Todo eso sumado a una especie de cubismo en los decorados con ventanas triangulares, edificios inclinados con estrechos callejones, el estilo oscuro y fantasmagórico que mantiene durante toda la narración y realizados por Walter Riemannn, Hermann Warm y Walter Röring, hacen que la película sea un claro ejemplo del expresionismo cinematográfico.

Robert Wiene (Breslavia, 1873, entonces Alemania, hoy Polonia) llegó a un proyecto que en un primer momento iba a ser dirigido por Fritz Lang pero que finalmente cayó en las manos de este realizador, que pasó a la historia del cine únicamente por este título.

El guion fue de Hans Janowitz y Carl Mayer y está basado en hechos reales. La génesis estuvo, según Janowitz, por una serie de sucesos que había vivido, el más llamativo el asesinato de una mujer.

"'El gabinete del Dr. Caligari' surgió como un sueño y así se plasmó", cuenta el escritor Adrián Sánchez, otro de los autores del libro del centenario. Janowitz contó que le vino la idea tras quedar prendado de una mujer a la que vio en una feria.

"Janowitz siguió, pero la perdió de vista cuando se metió por unos arbustos, de los cuales luego salió un hombre. Al día siguiente leyó en la prensa que la muchacha había sido asesinada en la feria y el hecho le chocó profundamente", añade Sánchez.

El otro guionista, Mayer, también aportó importantes elementos a la trama sacados de sus recuerdos de un examen psiquiátrico por el que tuvo que pasar durante la guerra.

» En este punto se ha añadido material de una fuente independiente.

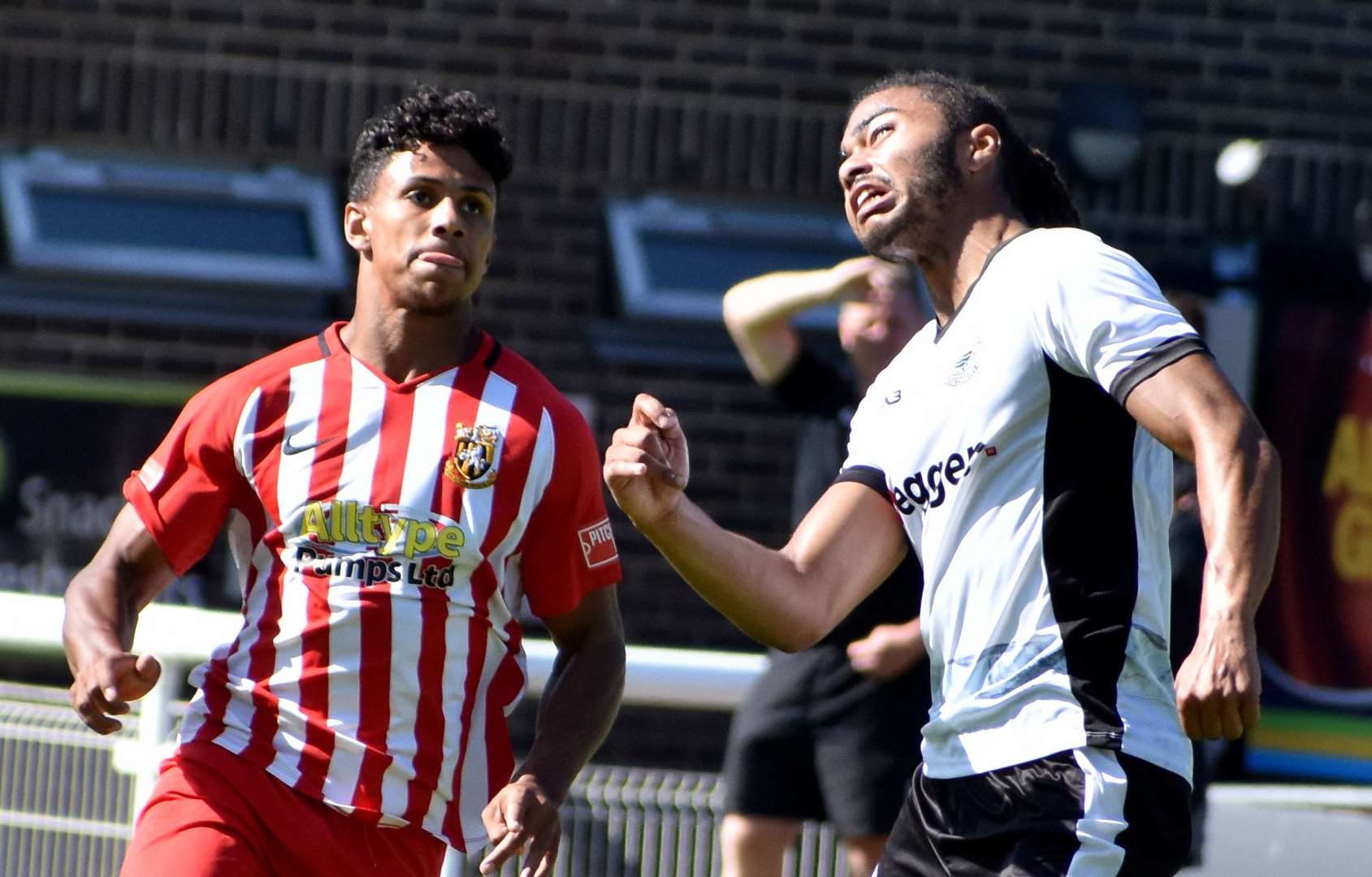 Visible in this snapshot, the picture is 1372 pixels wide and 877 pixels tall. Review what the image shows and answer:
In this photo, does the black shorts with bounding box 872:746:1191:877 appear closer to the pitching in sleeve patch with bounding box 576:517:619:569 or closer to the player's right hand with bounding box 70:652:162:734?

"Todo ello combinado con el clima enrarecido que se vivía en Alemania en los años de la postguerra, crearon una historia extraña y sórdida que implicaba un espectáculo de misteriosos asesinatos", apunta Sánchez.

"El gabinete del Dr. Caligari" relata la historia de un loco hipnotista, el doctor Caligari (Werner Krauss), que usa a un sonámbulo Cesare (Conrad Veidt) -que es capaz de predecir la muerte- para cometer asesinatos. Tras la muerte sospechosa de su amigo Alan (Heinrich von Twardoswki), Franzis (Friedrich Feher) comienza a investigar al doctor.

"Estamos en medio de una alucinación paranoica, lo que, para nuestros fines, equivale en gran medida a un sueño, o más aún, dada la naturaleza siniestra de la trama y escenario, en una pesadilla", cuenta Palacios.

La cinta muda se convirtió en todo un fenómeno internacional, proyectando fuera de sus fronteras un cine fantástico alemán que comenzaba su andadura antes de estallar la I Guerra Mundial.

"Entre 1920 y 1922, la película se estrenó prácticamente en todo el mundo civilizado, siendo bien acogida en Estados Unidos, Francia y Japón", explica Palacios.

A pesar de su buena acogida, también tuvo muchas críticas polémicas y diferencias de opinión entre intelectuales y artistas. Palacios recuerda que, "pese a las manifestaciones anti-alemanas promovidas por EE.UU con el fin de boicotear su exhibición por motivos políticos y comerciales, y pese a las criticas, la gente mostró su entusiasmo ante una producción diferente".

Todo esto y más no hace más que afirmar la fama de una película que no envejece y que se convirtió en objeto de culto e inspiración para muchos cineastas como Hitchcock con su "Psicosis".

Y que sigue tan vigente como en el momento de su estreno, lo que queda demostrado por exposiciones como "Be Caligari! The Virtual Cabinet", que la Filmoteca alemana le dedica estos días y que se centra en la campaña de publicidad que acompañó al filme en su lanzamiento.

Han pasado cien años y el horror de "El gabinete del Dr. Caligari" sigue y seguirá suscitando pesadillas.